**ACTION ITEM**
Every record below should be printed again exactly, with its pictures removed.

**EXERCISE INPUTS**
↓↓↓
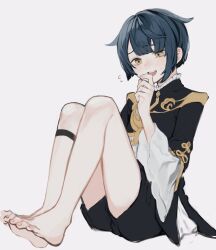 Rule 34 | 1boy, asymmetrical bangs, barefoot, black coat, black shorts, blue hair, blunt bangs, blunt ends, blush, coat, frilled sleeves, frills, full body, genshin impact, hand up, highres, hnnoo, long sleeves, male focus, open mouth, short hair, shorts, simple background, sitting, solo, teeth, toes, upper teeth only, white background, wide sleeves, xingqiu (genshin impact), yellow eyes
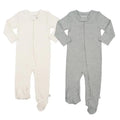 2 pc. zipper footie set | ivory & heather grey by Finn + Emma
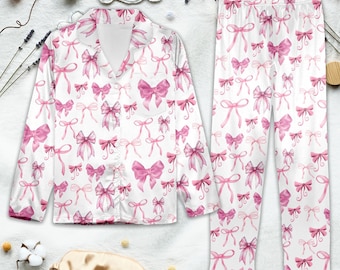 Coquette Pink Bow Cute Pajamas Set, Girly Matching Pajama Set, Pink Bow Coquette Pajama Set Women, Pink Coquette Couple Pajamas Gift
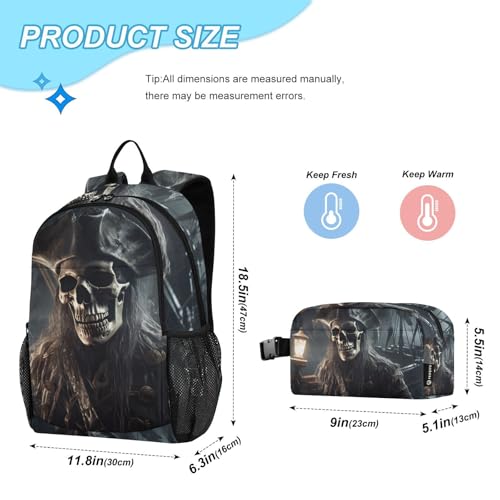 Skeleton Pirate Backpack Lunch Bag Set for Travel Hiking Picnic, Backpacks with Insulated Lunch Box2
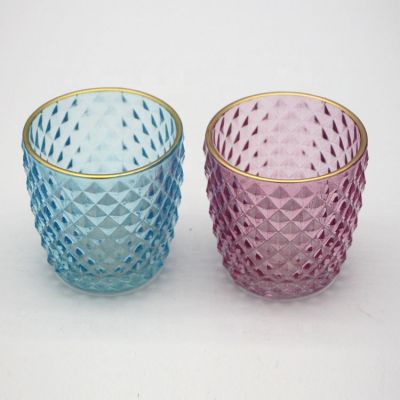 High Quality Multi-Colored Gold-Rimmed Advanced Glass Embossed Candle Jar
↑↑↑
**EXERCISE OUTPUT**
 Rule 34 | 1boy, asymmetrical bangs, barefoot, black coat, black shorts, blue hair, blunt bangs, blunt ends, blush, coat, frilled sleeves, frills, full body, genshin impact, hand up, highres, hnnoo, long sleeves, male focus, open mouth, short hair, shorts, simple background, sitting, solo, teeth, toes, upper teeth only, white background, wide sleeves, xingqiu (genshin impact), yellow eyes
 2 pc. zipper footie set | ivory & heather grey by Finn + Emma
 Coquette Pink Bow Cute Pajamas Set, Girly Matching Pajama Set, Pink Bow Coquette Pajama Set Women, Pink Coquette Couple Pajamas Gift
 Skeleton Pirate Backpack Lunch Bag Set for Travel Hiking Picnic, Backpacks with Insulated Lunch Box2
 High Quality Multi-Colored Gold-Rimmed Advanced Glass Embossed Candle Jar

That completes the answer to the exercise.